PSP A maintains an account that stores end users’ personal information and the payment credentials generated for them. To send funds, clients connect to the PSP A online interface and enter the transaction details. PSP A’s website captures the information to initiate the EFT and sends a payment instruction to the designated payment system. Further processing of the transaction takes place on the designated system, with the transferee eventually receiving the funds.
When one of their clients is receiving funds, PSP A makes the funds available in their PSP A account after the transfer is completed on the designated payment system. PSP A holds the funds until the client transfers further or withdraw those funds.
· Designated payment system operator with multiple lines of business: In addition to the clearing and settlement services performed on its designated system, Entity XYZ starts distributing a new risk-management tool that manages rules in real time to flag or decline suspicious transactions with a high fraud risk score. It offers this service to other entities, including other PSPs, on a platform that is separate from the designated system. Clients can choose to opt-in for an additional fee.
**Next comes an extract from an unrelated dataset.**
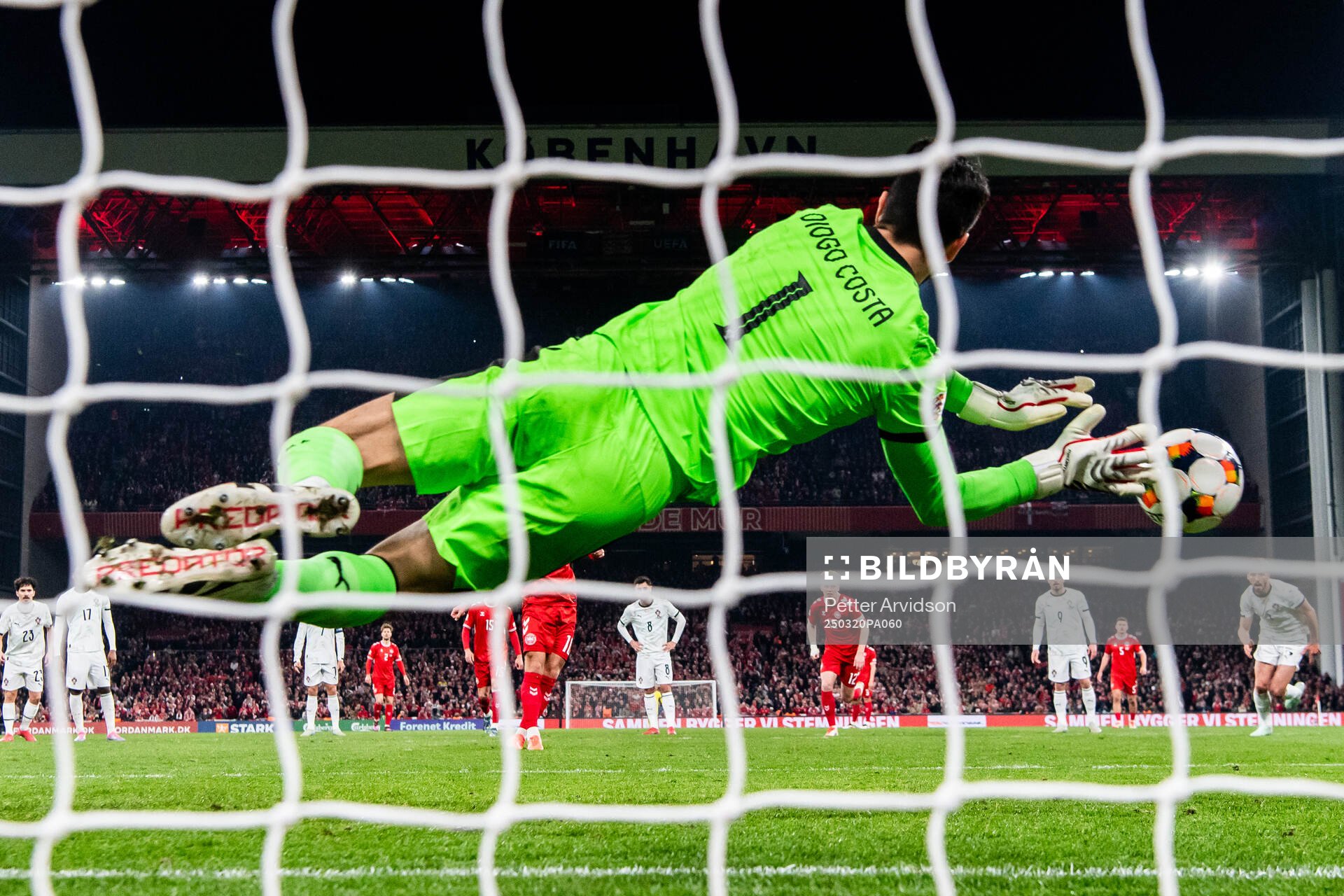 Goalkeeper Diogo Costa of Portugal saves a penalty against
· Designated payment system operator: Entity XYZ, owned by a group of financial institutions, operates the designated payment system used by PSP A. In operating the system, Entity XYZ performs the following retail payment functions on behalf of its members, as defined in section 2 of the RPAA: the transmission, reception or facilitation of an instruction in relation to an EFT and the provision of clearing and settlement. These are the only payment functions Entity XYZ performs.